Sudan has long endured 3 decades of oppression under ruthless dictatorship, including the Darfur genocide. On the night of 10th April 2019, President Al Bashir was finally overthrown. Just before the revolution, Sudan experienced 4 months of unending protests. The opposition coalition of civilians, in particular, the Sudanese Professionals Association (SPA) has been guiding the youth-led revolution. They have been demanding a civil led government. SPA stands out to Kectil as a hallmark of the role youth in developing countries can play in shaping the future of their countries. Alaa Salah, a 22-year-old Engineering female student was photographed leading the revolution in Khartoum. She became a global icon–a depiction of the immeasurable power youth and women possess and a symbol of the struggle in Sudan. Her courage and that of other youth protesters in Sudan quickly spread through social media and the whole world. Her courage and that of her fellow protesters have fired up in the country and citizens are adamant to demand for a civil led government.

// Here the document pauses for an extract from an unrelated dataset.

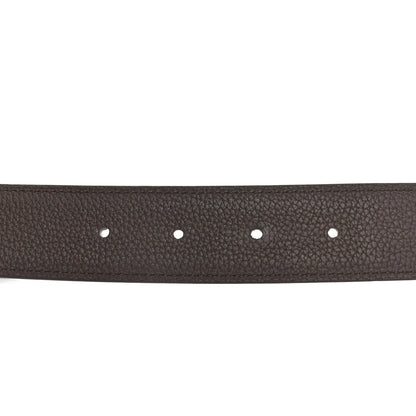 Hermes Box Togo 32mm Belt Strap 100 40 Black Chocolate 5 of 5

It’s now barely 3 months since the military and Sudanese civil societies withdrew president Al Bashir from power. Army officers have scraped talks over power-sharing with the civilian opposition alliance. The military has no apparent interest in democracy. The internet has been turned off in the country intentionally to weaken the protests. Youth in Sudan have relied on social media to share messages on the state of affairs in Sudan. Even with the withdrawal of internet services, they are not relenting. SPA says civil disobedience will only end with the transfer of power to a civil transitional authority in accordance with the declaration of freedom and change (DFC). Forces for the Declaration of Freedom and Change (FDFC), a civilian group representing protesters in the negotiations have now begun a “revolutionary escalation” involving night rallies on Tuesdays and marches on Thursdays to increase pressure on the military to transition power. FDFC also proclaimed a set of conditions for continued negotiation which include a commission of inquiry for the killing of protesters, restoration of internet connection and honoring the agreements made in the first sets of the negotiations.
Youth globally should support the Sudanese youth-led change. This is the Kectil Generation at work. Youth should be mindful of the consequences of the Sudan experiences on you and your future. Silence can be tantamount to tolerating the oppression and atrocities by the Al Bashir regime, even in the form of the successor military regime. There is a global demand for a high-level diplomacy process that will help bring Sudan to civilian rule. The youth must stand together as next time it may be your country or a neighboring country. And otherwise, Africa and Europe will continue to experience global consequences of the crisis of the flow of refugees from Sudan. We encourage all Kectil Colleagues to let their voice be heard. Protests have been held in countries including at the US capitol calling on the attention of the world to the cry of Sudan. There is now mounting pressure for the international community including the US Congress, the UN, the African Union, and the European Union to create serious consequences for the crimes being committed in Sudan. The Kectil Generation has a duty to keenly follow and reflect on this crisis. It is an important case for you to understand your significance in making political decisions and finding an opportunity to be part of the change. Courageously share your ideas just like Alaa Salah did.